Sights, Smells, etc. Crushed lilacs, obviously. You can barely smell your own sweat. But beneath the lilacs, a militant order of knights (who spend more time dancing and learning poetry than learning anything of warfare), and close cadres of merchants (who spend every waking hour attempting to appear noble). Fashion changes to follow the Prince and the distant Court. If you have to ask, you can't afford it.

Morning: Quiet, with a few guards and servants completing the morning's tasks. Sometimes, church.

Noon: The day's business. Messengers running to and from the Red Castle or the Golden Fields. Petitioners arriving from distant lands. Nobles proceed to court or to a late service.

Night: Poetry, songs, tales from distant lands, lies, and lassitude. There is no sign that the War or the Plague have reached the inside of the great homes. The more unusual nobles (the Owllings, the Moon Ambassadors) come out. Guards in the streets and occasional assassinations.

Landmarks: the Diagonal Towers, the Bathchesbit Home, the Foundling Walk, and, should you be invited inside, the opulent interiors. Should you be invited to the cellars, and the deeper cellars below, you may never see the surface again.

Cimetière des Innocents, 1550, Theodor Josef Hubert Hoffbauer

The Golden Fields

Prosperity: Rich
The centre of trade in Elderstone. A square of merchant houses and trade halls surrounding fields of packed earth, tile, and straw. Grey stone walls painted with signs, symbols, and animals. Caravans grown into tent cities, shanty stalls grown into palaces.
Sights, Smells, etc. Animals, sweat, spices, and crushed straw. Chatter in half a dozen languages. The sound of gold dropped into a waiting palm. Morning: The largest merchant houses open at sunrise. Once every two weeks there is a larger market, where peasants from nearby villages are permitted to sell their goods in the square. Some arrive the night before and stake out their allotted squares.

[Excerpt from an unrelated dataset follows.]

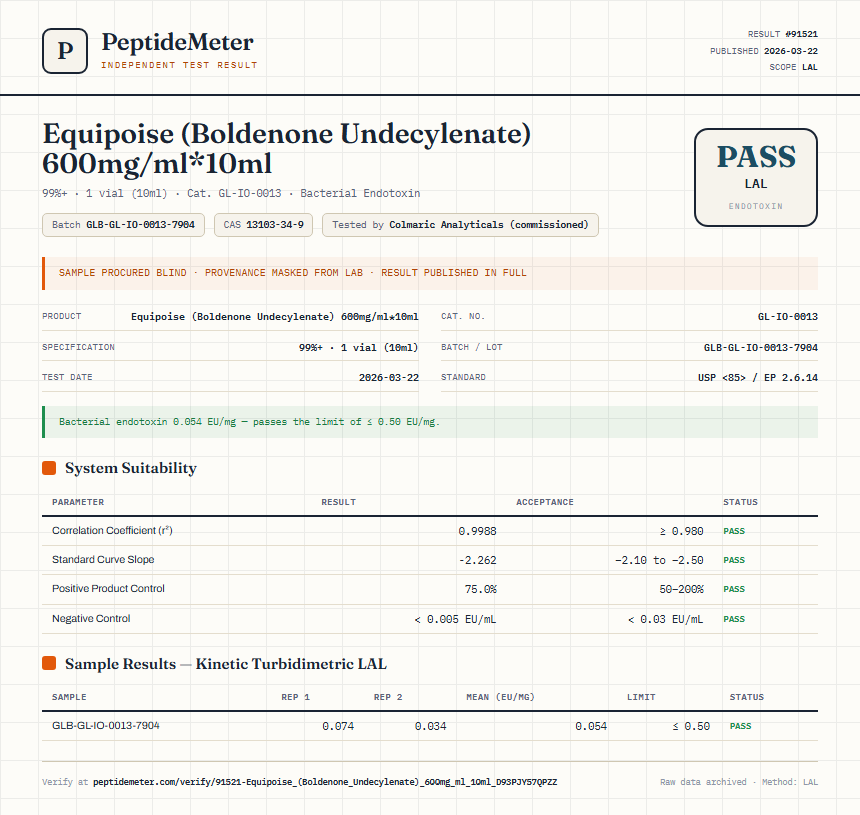 Equipoise (Boldenone Undecylenate) 600mg/ml*10ml Endotoxin report by PeptideMeter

Noon: You can buy meat in the Butcher's Corner and fish along the Fogwalk. Everything else, from milk to bread to trinkets from the far side of the world, is on sale here. The world-weary traveler might scoff at Elderstone's market, but most people, even merchant princes, find something to impress them each day. The spiderling processions enter and sell their silks.
Night: Candlelit stalls that never close sell items no one would purchase by daylight. Thieves are punished publicly.

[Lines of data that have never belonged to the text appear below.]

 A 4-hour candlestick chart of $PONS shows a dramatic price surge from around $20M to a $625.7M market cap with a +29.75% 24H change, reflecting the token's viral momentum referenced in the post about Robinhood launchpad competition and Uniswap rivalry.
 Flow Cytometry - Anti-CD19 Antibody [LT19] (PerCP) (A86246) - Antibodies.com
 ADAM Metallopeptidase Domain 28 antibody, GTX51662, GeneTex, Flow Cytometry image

Landmarks: The Morning Church, privileged to be the first to ring in the dawn. The House of Furs. Lurm the Enchanter (too expensive, always too expensive).


Butcher's Corner

Prosperity: Poor
The unfashionable corner of Elderstone. The tide washes away a multitude of sins, but brings back stinking mud and white bones. Three types of people live here. Mudrakers sift the tidal flats for valuables, pick bones, sneak aboard ships, and die young. Butchers slice meat, carve flesh, trade in smuggled goods, and die gouty and fat. Pickers, carters, tallow-makers, tanners, and gutsmen all fall under the heading  of "Scrapers", and die unnoticed.

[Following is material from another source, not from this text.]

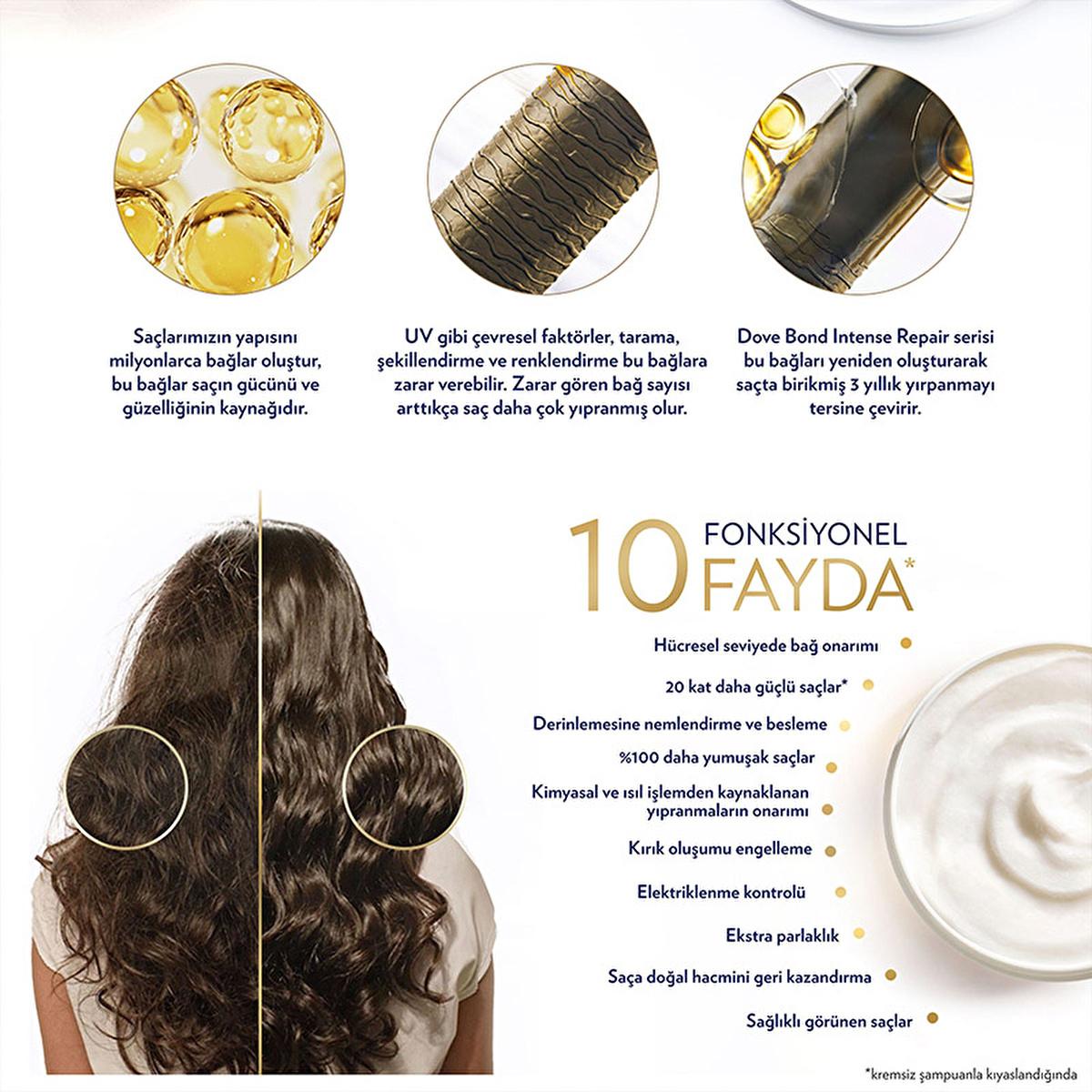 Dove Bond Intense Repair Hair Mask: Peptide Treatment for Damaged Hair, Deep Conditioning, Split End Repair & Heat Protection - 265ml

Sights, Smells, etc. Smells worse than you'd expect. Drying sea-mud, rotting flesh, spilled blood. A lot of blood, on a good day. It runs in the gutters. Dogs and rats everywhere. Butchers screaming at apprentices. Apprentices screaming at rats. Urchins, covered head to toe in muck, present you with shiny items for sale.

Morning: The mudrakers march out. The animals march in. Pandemonium.

Noon: Most of the day's butchering is done, but sales are just beginning. A herd of geese gets stuck behind a cart.

Night: The mudrakers return with their bundles of treasure. Butchers retire to taverns to plot and swear.

Landmarks: The Tide Gate, the Leather Tavern, and the knife-sharpener's alley,  where you can buy the services of bodyguards or assassins.